First off, if you haven't heard Glee's I Wanna Hold Your Hand, its a good one. I wanted to share an experience I had a few months ago. I was in California with my significant other and a couple friends. He goes to school there. Anyway, they have a local farmer's market every week where basically the whole town shows up that we all decided to go to. Both of us are very comfortable with ourselves and, well, we felt like holding hands as we walked around... so we did. We weren't doing it to make anyone uncomfortable... we weren't making a show out of it. Actually, we tried to be as discrete about it as possible. You wouldn't know it though.
When someone realized we were holding hands, they'd tell the people they were with and everyone would stare, laugh, or make remarks. "That's disgusting." "That's so wrong." I noticed it at first, but then I just shut it out and just focused on enjoying time with him. Our two friends (a guy and girl) were behind us a ways and apparently they heard and saw a lot worse. I guess most people at least wait until they are out of range to make their comments or gestures. My friends were actually having a conversation about what they would do if someone decided to get violent. They must have been seeing and and hearing a lot worse reactions than I picked up on.
If you are straight, please imagine what that would be like. We were just holding hands. Imagine that every time you went out in public with your significant other, you faced this kind of criticism and hate. So much so that people you cared about sometimes feared for your safety. What would you do? I think most of us would not go out in public. We would meet our significant other in private. Away from the piercing glares that scream of hate. What would happen if you were a young person who only spent time with your romantic interest in private, alone, away from the eyes of any witnesses? Chances are, you'd have a difficult time staying chaste. This is exactly what happens to gay couples. And then society spits on them and calls it the "gay lifestyle" as if these people wanted to live like that. As if they would rather feel like they need to hide and meet in private settings instead of going out on normal dates like everyone else.
I hope for the day when gay couples can go out in public and not feel like they are disgusting in the eyes of people around them. That they would be treated and viewed the same way straight couples are when they go on dates. That no one even bats an eye. The day when, if a guy is on a date with another guy (or girl with girl) and one of them feels the urge to hold the other's hand, and they can muster up the courage to take that step, that they don't have to worry about what everyone else is thinking as an extra roadblock to making that first move. And if I wanna hold his hand, I do it. Why? Not because I want to make anyone uncomfortable, only because I wanna! That should be good enough reason for anyone.
5 comments:
Seattle is a really open minded place
You could also try San Francisco?
@Anonymous- haha, yeah... I suppose I could get up and move my whole life, but I'd rather not do that. Plus, I am at a place where I don't care what others think. I wrote this mainly to show what it is like for gay people to be open in public.

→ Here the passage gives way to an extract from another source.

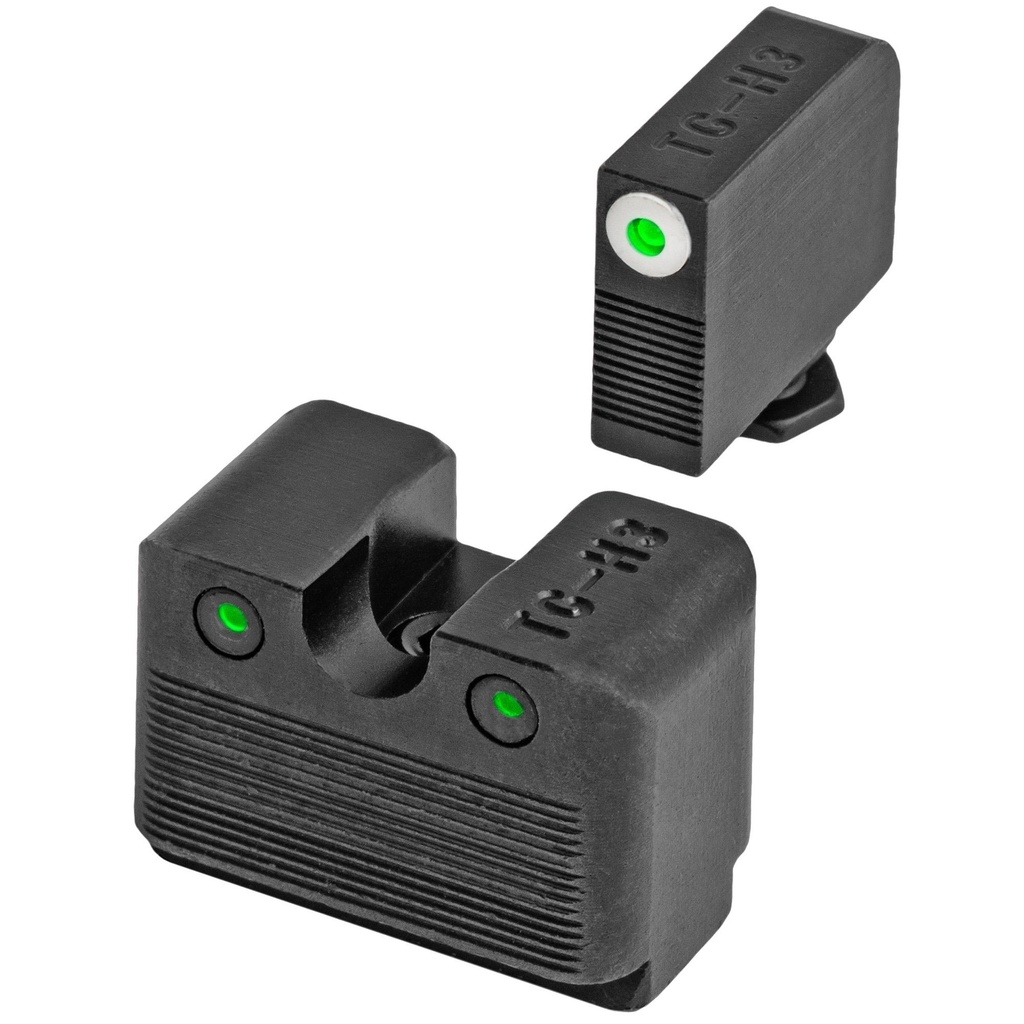 TRUGLO Tritium Pro Brite Site Day / Night Sight Set Fits Glock M.O.S., High Front Sight Color Green W/ Orange Focus Lock Ring Rear Sight Green Glows In The Dark No Batteries Or Light Exposure Required 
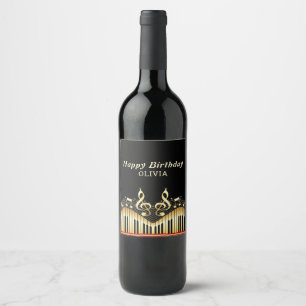 Gold Treble Clef Wine Label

Oh, and a month or so later we were in Hollywood and there were not nearly as many stares or comments. Actually, there were a couple sincere smiles. =)
I hope for a day when you can love and show love, and people can behave themselves...
There are some places where it is possible for a gay/lesbian couple to hold hands without provoking such a negative reaction on the part of narrow-minded bigots around them. Like Too Hard Headed to Give Up: "I hope for a day when . . ." In the words of a great American (who was, at the time, pretty much hated or ignored by the Mormon hierarchy): "I've seen the promised land. I may not get there with you. But I want you to know tonight, that we, as a people will get to the promised land." May it someday be so for gays, lesbians, bisexuals and transgenders as well!